- Born: London
- Occupation: Chairman
- Years active: 1960–2025
- Organization: Undivided Indian Ex-Servicemen's Association

= Rajinder Singh Dhatt =

British Indian World War II veteran and community leader

Rajinder Singh Dhatt MBE (Punjabi: ਰਜਿੰਦਰ ਸਿੰਘ ਧੱਤ) (1921–2025) was a British Indian World War II veteran and community leader known for his service in the British Indian Army and his advocacy for the recognition of Indian soldiers' contributions during the war.

== Early life ==

Dhatt was born in Punjab, British India, in 1921. He enlisted in the British Indian Army in 1941 and served in the Burma Campaign, including the battles of Kohima and Imphal.

== Career ==

After migrating to the United Kingdom in the 1960s, Dhatt co-founded the Undivided Indian Ex-Servicemen's Association to support veterans of the British Indian Army. He dedicated his life to raising awareness of South Asian soldiers' sacrifices during World War II, including participating in exhibitions commemorating their service.

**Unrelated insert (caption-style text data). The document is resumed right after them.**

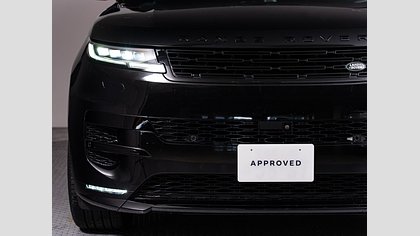 Range Rover Sport 36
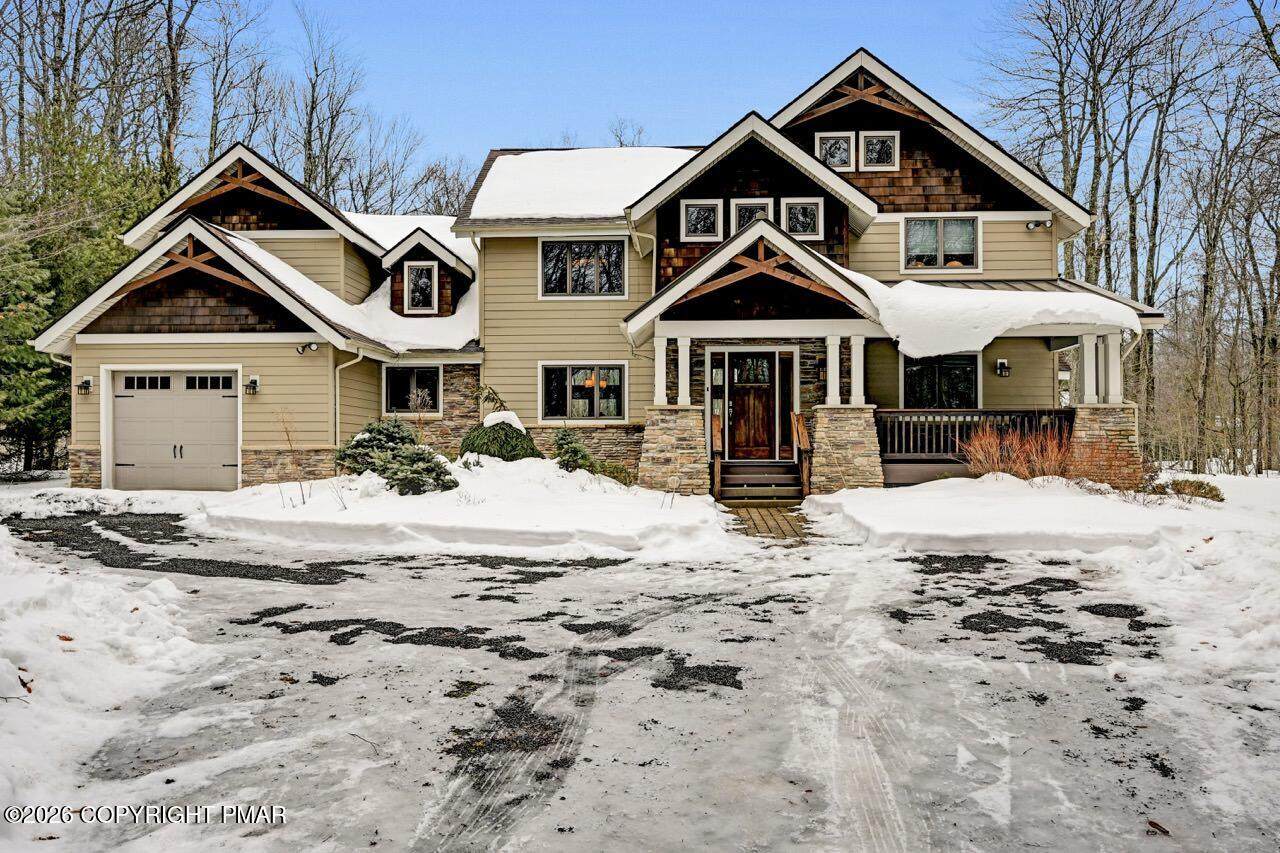 3173 Tall Timber Lake Road - Photo 1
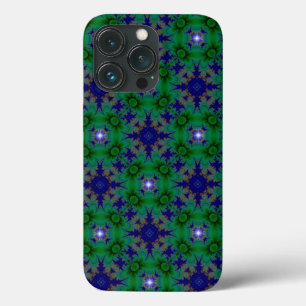 Marguerite , Daisies-Blume im Retro-Stil Case-Mate iPhone Hülle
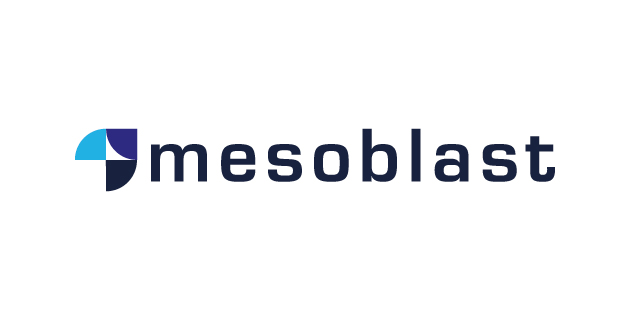 logo vector Mesoblast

== Personal life and legacy ==
Dhatt celebrated his 100th birthday in 2021, receiving tributes from military and community organisations. He died in May 2025 at the age of 103. His legacy lives on through the organisations he helped build and his efforts to ensure the stories of Indian soldiers in World War II are remembered.

== Awards and recognition ==

In 2023, Dhatt was honoured with the Points of Light award by UK Prime Minister Rishi Sunak for his community service and veteran advocacy.

In 2024, he was appointed a Member of the Order of the British Empire (MBE) for his contributions to the South Asian community and veterans.